Start of Data for this task

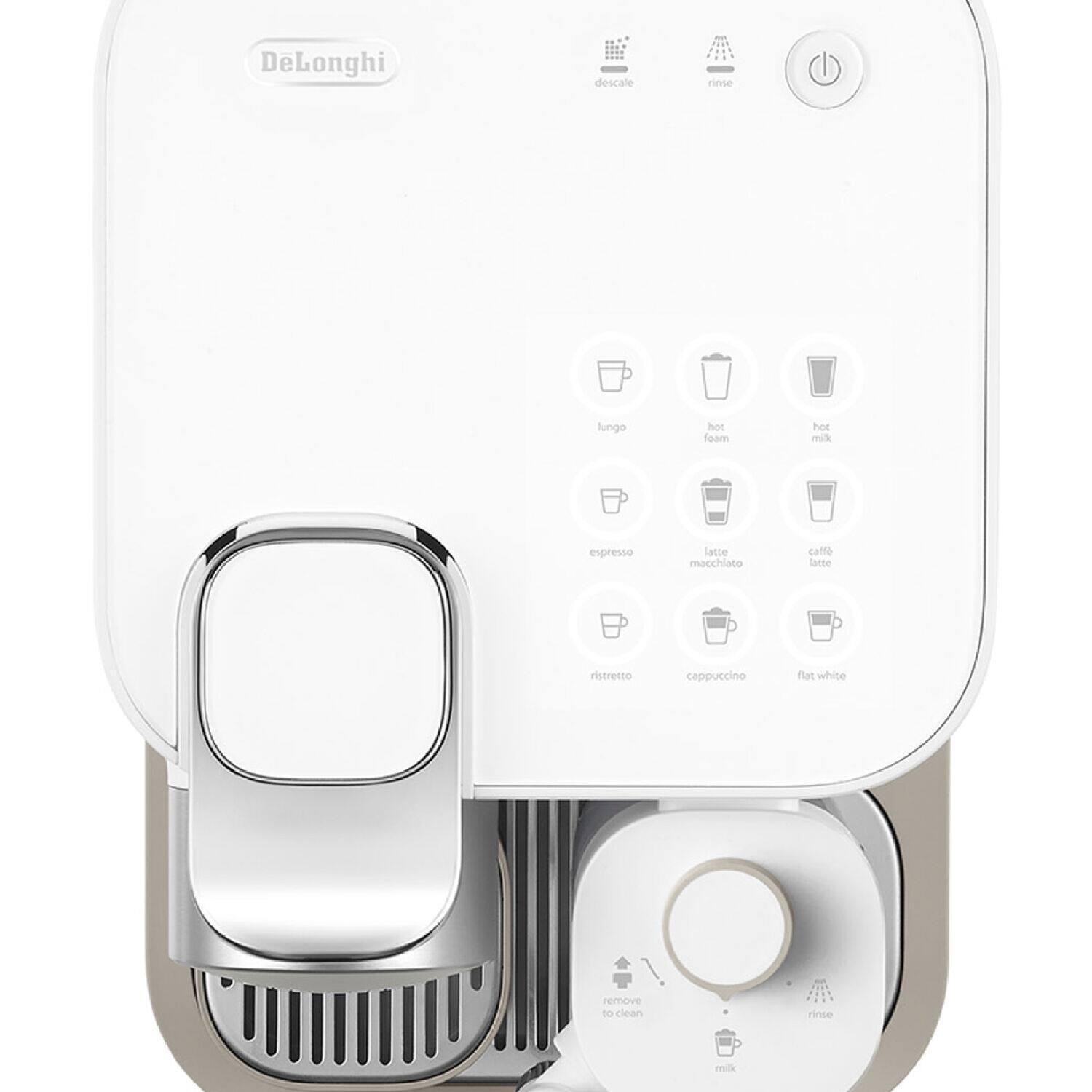 DeLonghi descale rinse lungo hot foam hot milk espresso latte macchiato cappuccino ristretto flat white remove to clean rinse
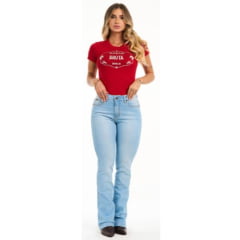 Camiseta Feminina Buphallos T Shirt Manga Curta Vermelha Com Brilho Bruta Luxo Prata Ref: BPL 1045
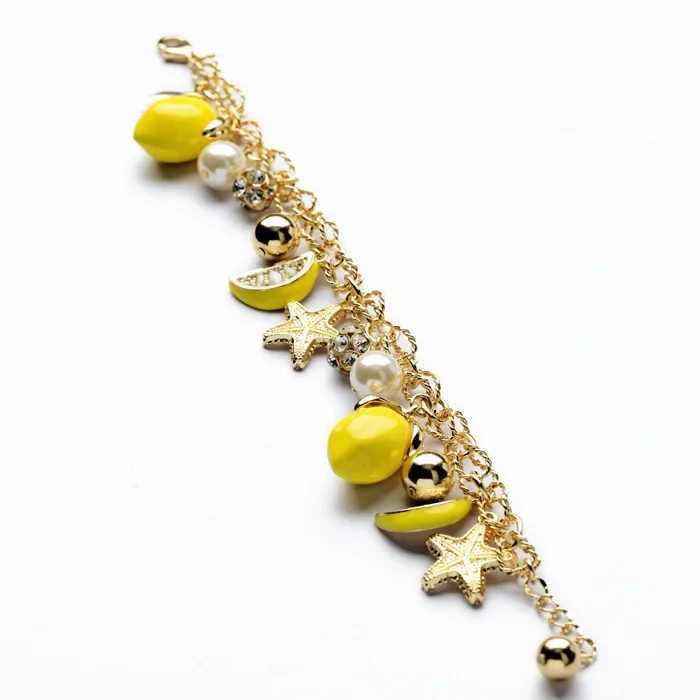 2022 New Arrival Bohemian Korean Fashion Starfish Pendant Lemon Fruit OL Lady Style Bracelet Women Bracelets Bangles Jewelry X250625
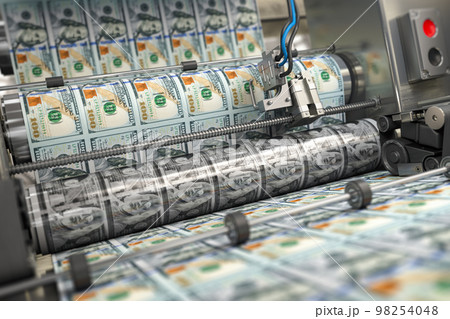Printing money dollar bills on a print machine in typography.. Finance, tax, stock market and investment, making money concept. Printing money dollar bills on a print machine in typography.. Finance, tax, stock market and investment, making money concept. 98254048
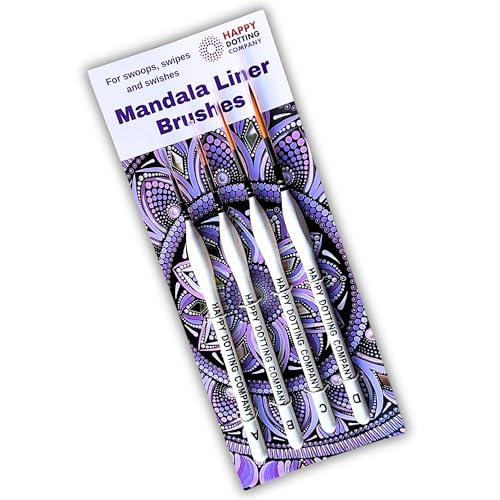 Mandala Liner Brushes for dot Mandala Art - 4 pc Liner Paint Brush Set - Happy Dotting Company - Perfect for swipes and swooshes - Another Dotting Tool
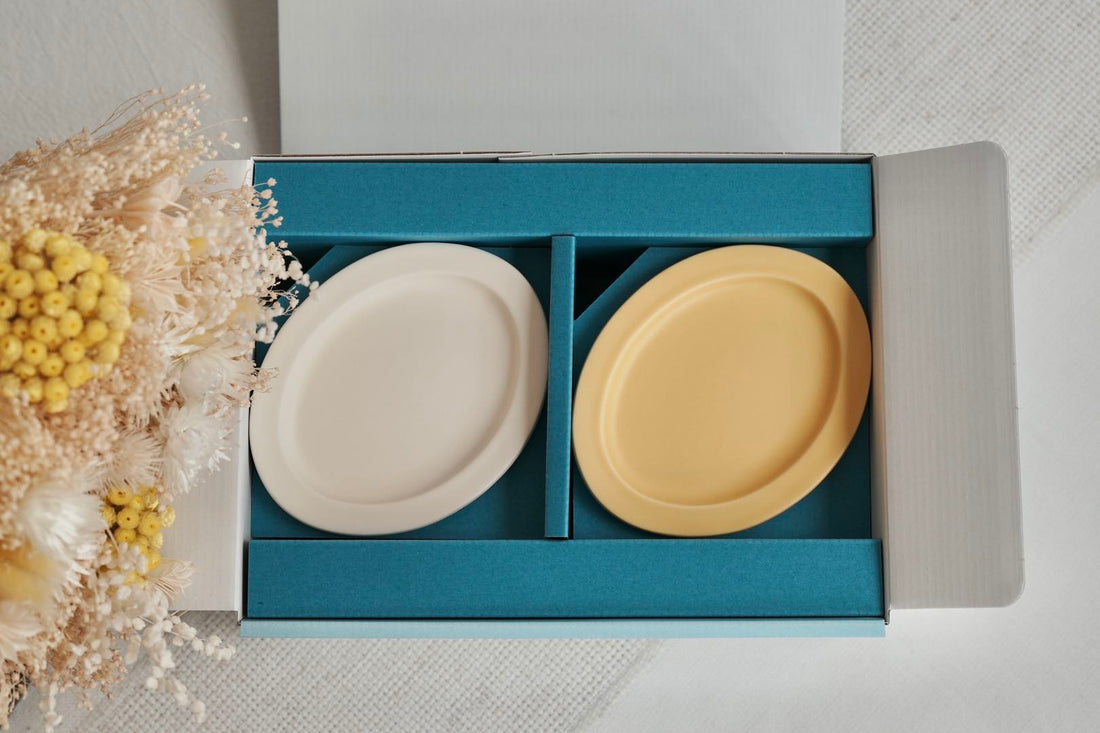 SAKUZAN Sara Gift B Set (2 Rice Bowls & 2 Small Oval Plates) - Cream x Yellow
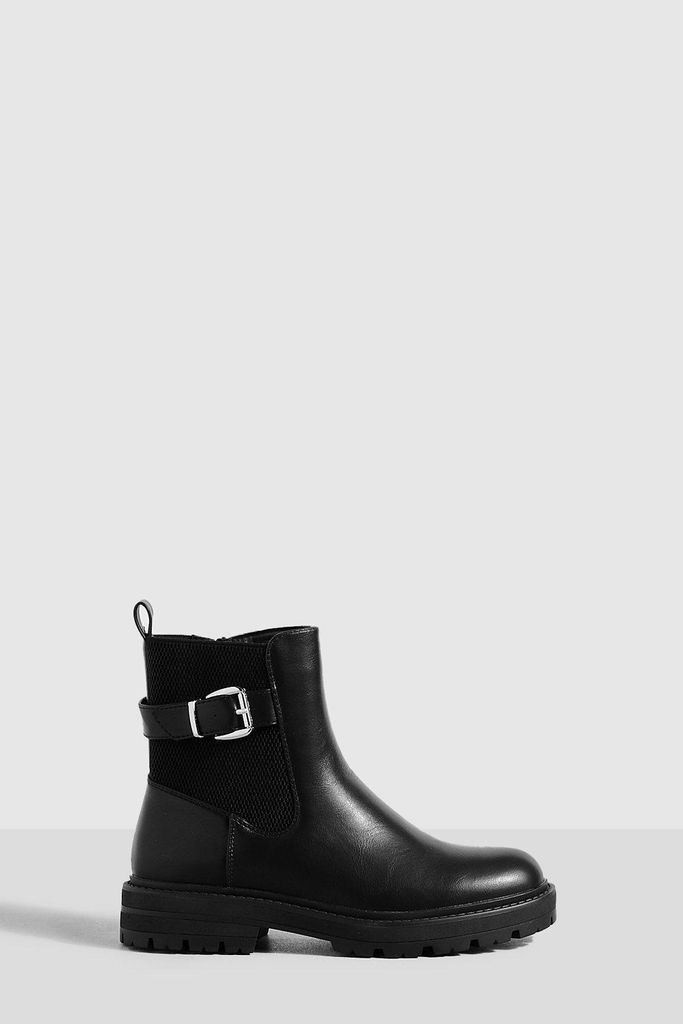 Womens Buckle Detail Chelsea Boots - Black - 3, Black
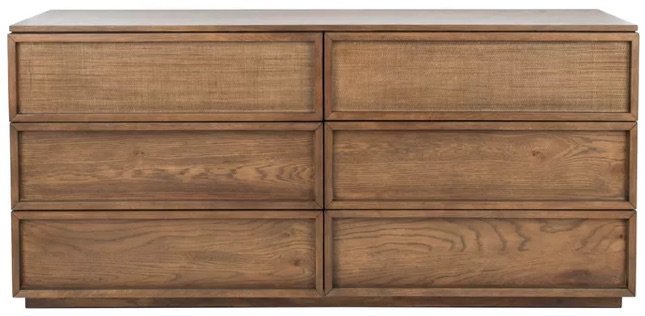 RUSTIC UNION Imogen Wood 6 Drawer Double Dresser
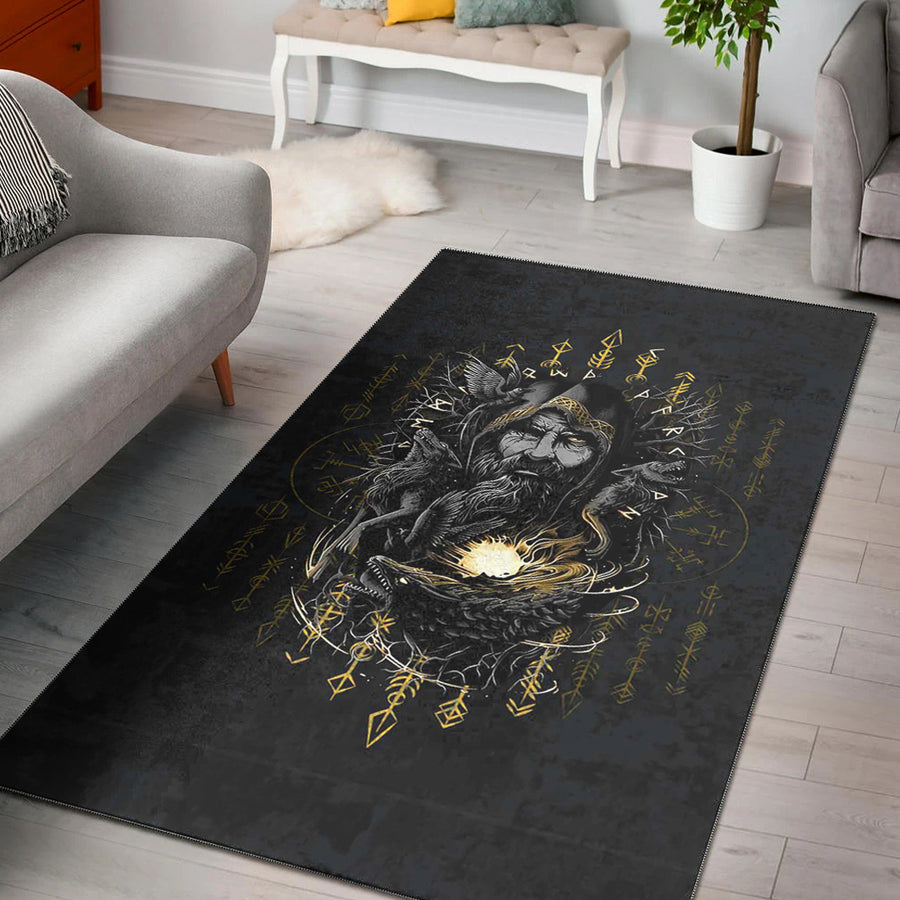 Ligerking Area Rug - Odin Geri and Freki Rune Style Area Rug A35
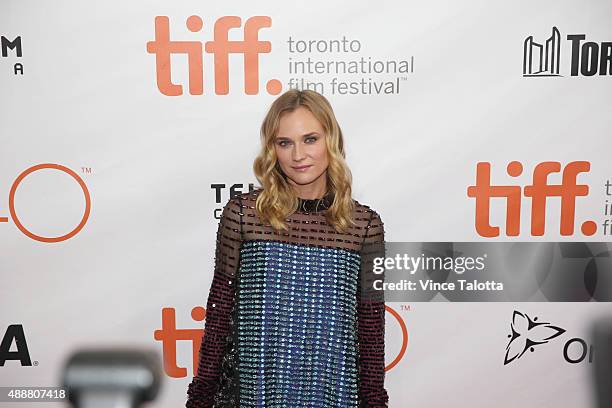 September 17, 2015 . Premiere of Disorder film at TIFF. Actor Diane Kruger poses for pictures on the red carpet at the premiere of the film Disorder...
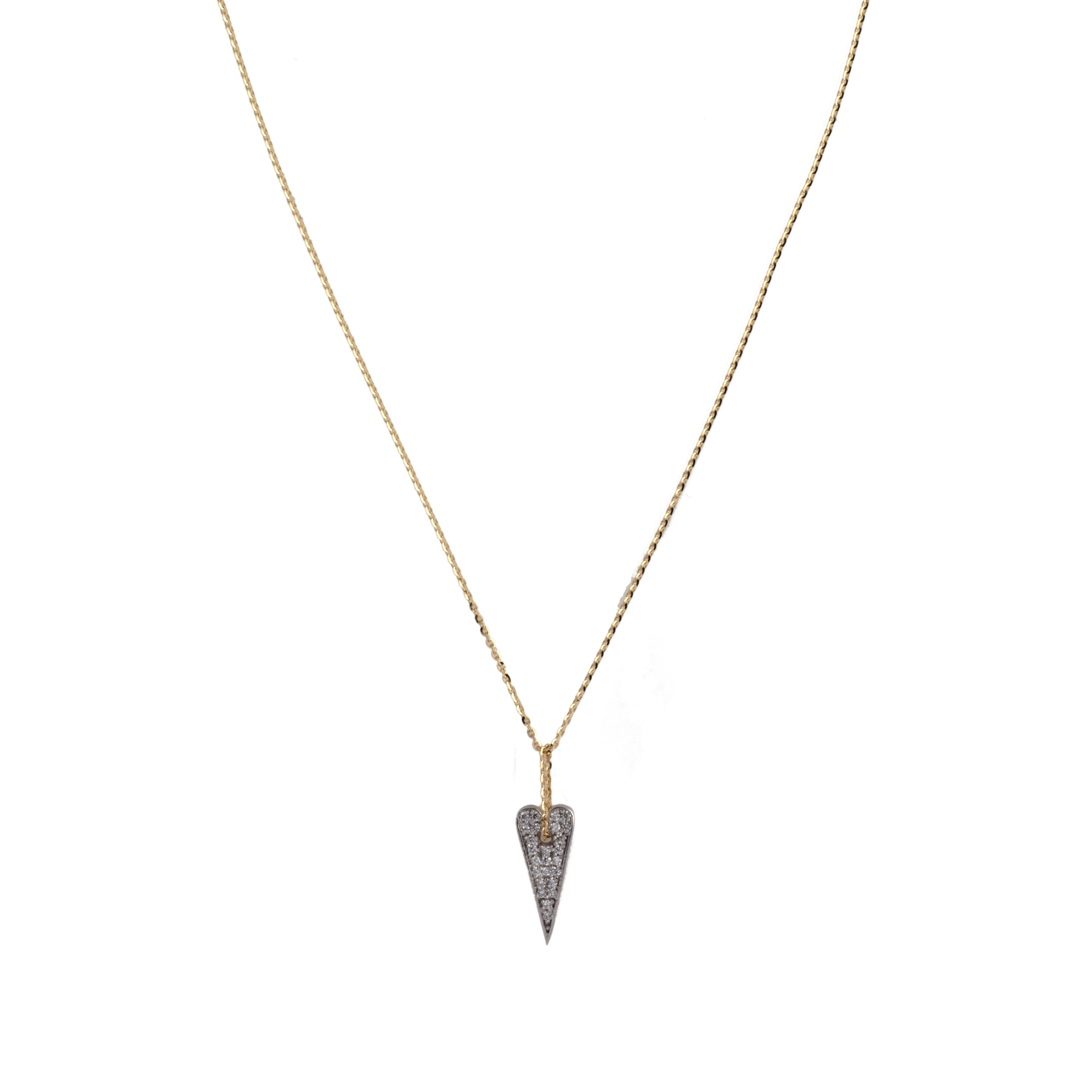 Collana Shining Heart Cuore grande in Oro Argento e Diamanti Diamanti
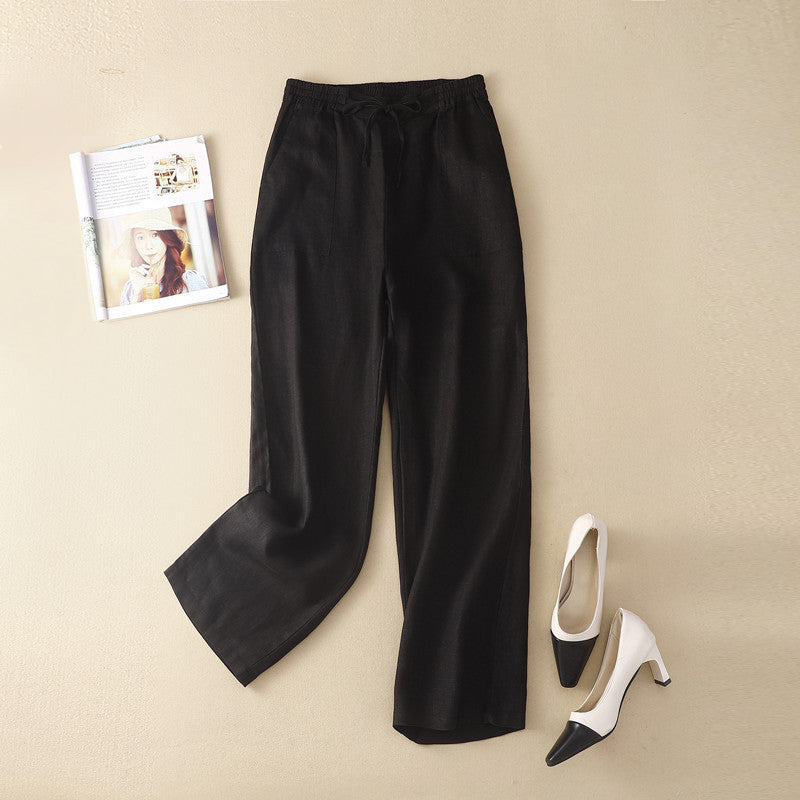 Damen-Hosen mit hoher Taille und geradem Kordelzug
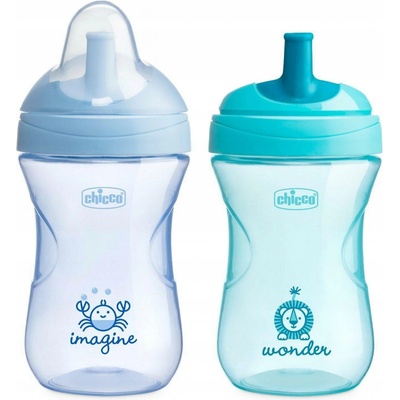 Chicco hrneček pokročilý s brčkem modrá tygr 266 ml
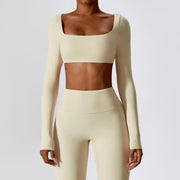 long sleeve crop top yoga shirt, view 19 - MRSLM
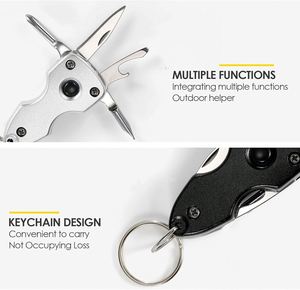 5 in 1 Custom Luxury Multi Tool Keychain Mini Screwdriver Pocket Knife Bottle Opener with Flashlight Waterproof Zinc Alloy Gift - Product Image 4
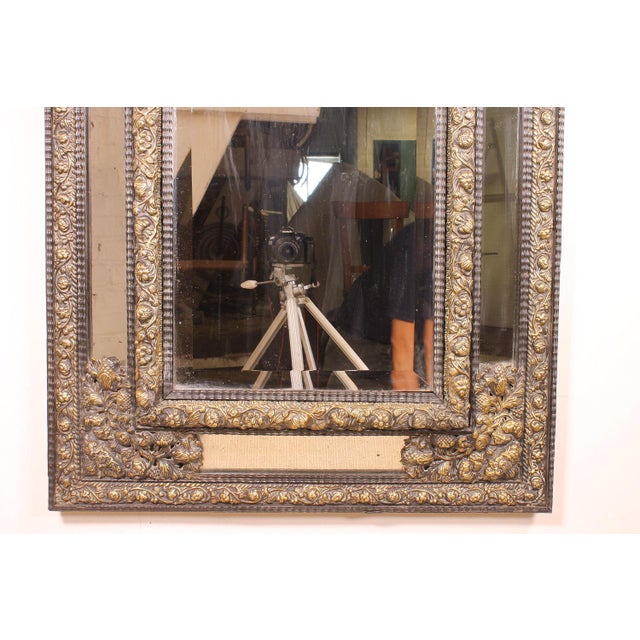 Dutch Brass Mirror, 1800s For Sale - Image 4 of 6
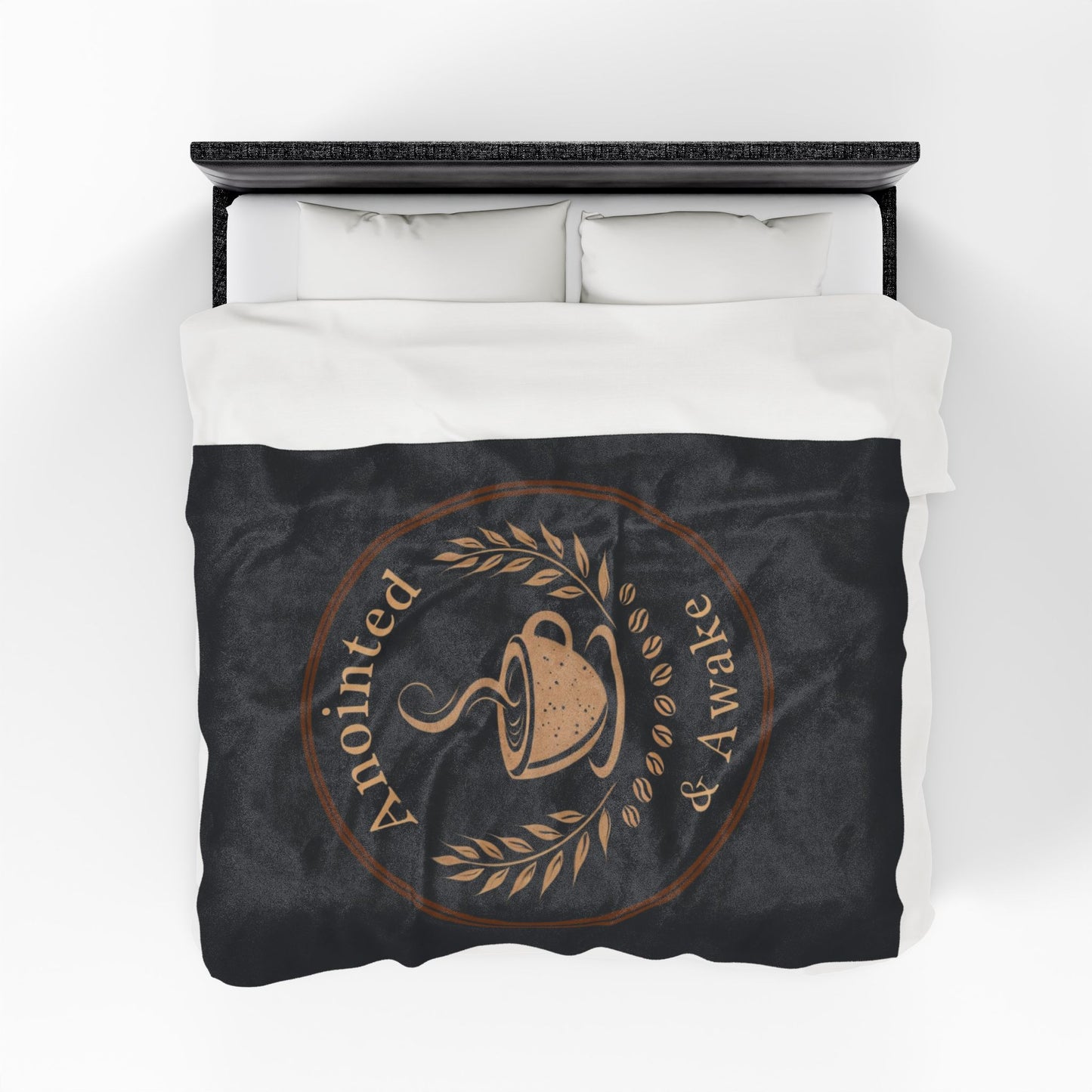 Cozy Velveteen Plush Blanket - Anointed & Awake, Coffee Lover Gift, Warm Home Decor, Ideal for Relaxation, Snuggle Up This Winter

End of Data for this task

Task description:
With the pictures left out, copy exactly the lines from the one containing "Ligerking Area Rug" through the last line of the data.

Response for this exercise:
 Ligerking Area Rug - Odin Geri and Freki Rune Style Area Rug A35
 September 17, 2015 . Premiere of Disorder film at TIFF. Actor Diane Kruger poses for pictures on the red carpet at the premiere of the film Disorder...
 Collana Shining Heart Cuore grande in Oro Argento e Diamanti Diamanti
 Damen-Hosen mit hoher Taille und geradem Kordelzug
 Chicco hrneček pokročilý s brčkem modrá tygr 266 ml
 long sleeve crop top yoga shirt, view 19 - MRSLM
 5 in 1 Custom Luxury Multi Tool Keychain Mini Screwdriver Pocket Knife Bottle Opener with Flashlight Waterproof Zinc Alloy Gift - Product Image 4
 Dutch Brass Mirror, 1800s For Sale - Image 4 of 6
 Cozy Velveteen Plush Blanket - Anointed & Awake, Coffee Lover Gift, Warm Home Decor, Ideal for Relaxation, Snuggle Up This Winter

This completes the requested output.